Frenó el motor y la sentó en su falda contagiandóle las ganas de revolcarse por la vida. Por favor no, no te olvides lo que soy y que esto ante los ojos del se no la dejó terminar. Volvió a encender el motor y sus plegarias cesaron cuando el caño de escape comenzó a escupir otra vez.
La llevó a un motel barato. Rata el Diablo. Se sacó su velo y lo tiró por el barranco. Después de esto jamás podría volver a verle la cara a las hermanas, aunque una parte de sí se sintió liberada.
El Diablo, viejo cliente, muy conocido, subió sin hablar con el gerente. La agarró de la mano y le terminó de desmoronar el mundo. Era su última oportunidad para salir corriendo, pero como ya sabemos, no lo hizo.
Entraron a la precaria, insulsa y opaca habitación que los esperaba. Las paredes crujían, el piso rechinaba. Parecía que los había estado aguardando, que quería contemplar el episodio en primer lugar. Quería exprimirle el jugo a los quejidos, no dejar pasar ningún sonido.
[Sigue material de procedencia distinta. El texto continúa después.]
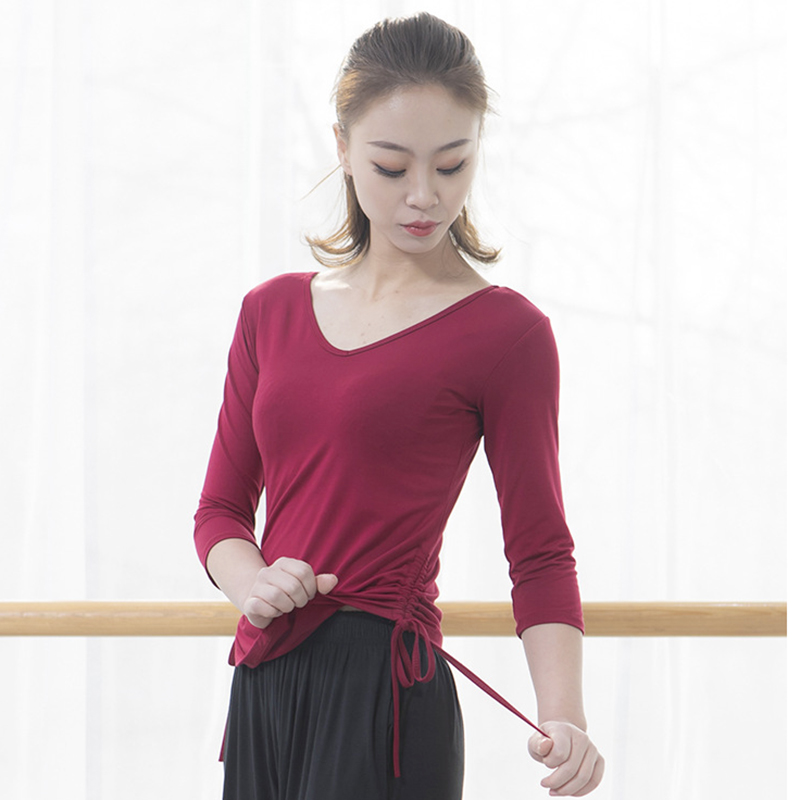 Dance Female Practicing Costume adult V-collar half sleeve Modell blouses Classical dance Modern dance Dance Costume Ballet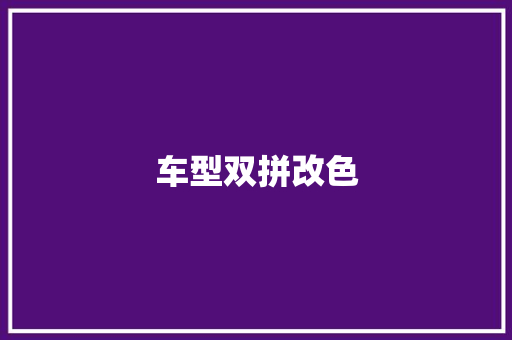 车型双拼改色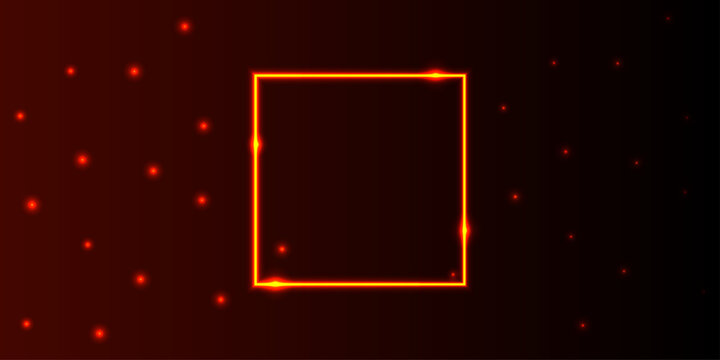 Glowing orange square on dark wall. Basic shape Rectangle, triangle, circle Neon Futuristic sign frame colourful vector transparent file wallpaper.Square Neon Shiny Sign. Electric Light Rectangle.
Quería ver como el Diablo hacía suya a una soldada del señor.
Fue a los 15 cuando decidí ser monja, en realidad, iba a misa porque en mi familia era lo primordial. Rezar, comer. Dios era todo. Si Dios lo dice es porque es así. Jamás estuve de acuerdo con las políticas ortodoxas de la Iglesia, siempre creí que su versión de la biblia era muy estricta. Es muy abarcativa y todo lo que divulgan nunca lo cumplen. Para mí, la biblia son palabras escritas bonitas. Lindas metáforas. Lindas las monjas. Lindos los curas. Ninguno vio a Dios. Nunca. Jesús no escribió la biblia, ni Dios. ¿Cómo voy a creer en algo que no viví? Escéptica.
Decidí, entre comillas, ser monja. Me entregué a Dios. No amo a Dios. Ni amo al Diablo. Me gusta pecar.
¡Oh mi Dios! Gritó. El Diablo la miró y comenzó a ser más duro. Fumando un cigarro lo hacía mejor. Tomó un trago de whisky y sonriendo le dijo: Tengo todos los malditos putos vicios de la Tierra. Hago todo lo que Dios no dice que hay que hacer. Mediocre. Fantástico. Todos me odian. Eso amo. Pero a lo que más amo es a vos. Sos mi vicio mayor.
Ella se sonrojó pero no dejó de gozar. Estaba en un motel basura dejando de ser lo que fue durante toda su vida, la única verdad que sus ojos conocieron. Estaba acostándose con el enemigo de su marido. Aún peor, estaba consiguiendo la llave al infierno.
La noche pasó. El día llegó. Se había dormido en las garras del mal. Le rasguñó la espalda y se despidió. Ya no era más monja, ya no era más propiedad de Dios. Ahora era propiedad del Diablo y eso, eso le encantó.
Si Jesús tu moriste en la cruz para salvarnos a nosotros, yo morí de amor por él, entonces, ¿Morí para salvarlo? Pero él no me ama, entonces, ha si do envano, ¿Por qué has muerto tu en la cruz si yo no te amo?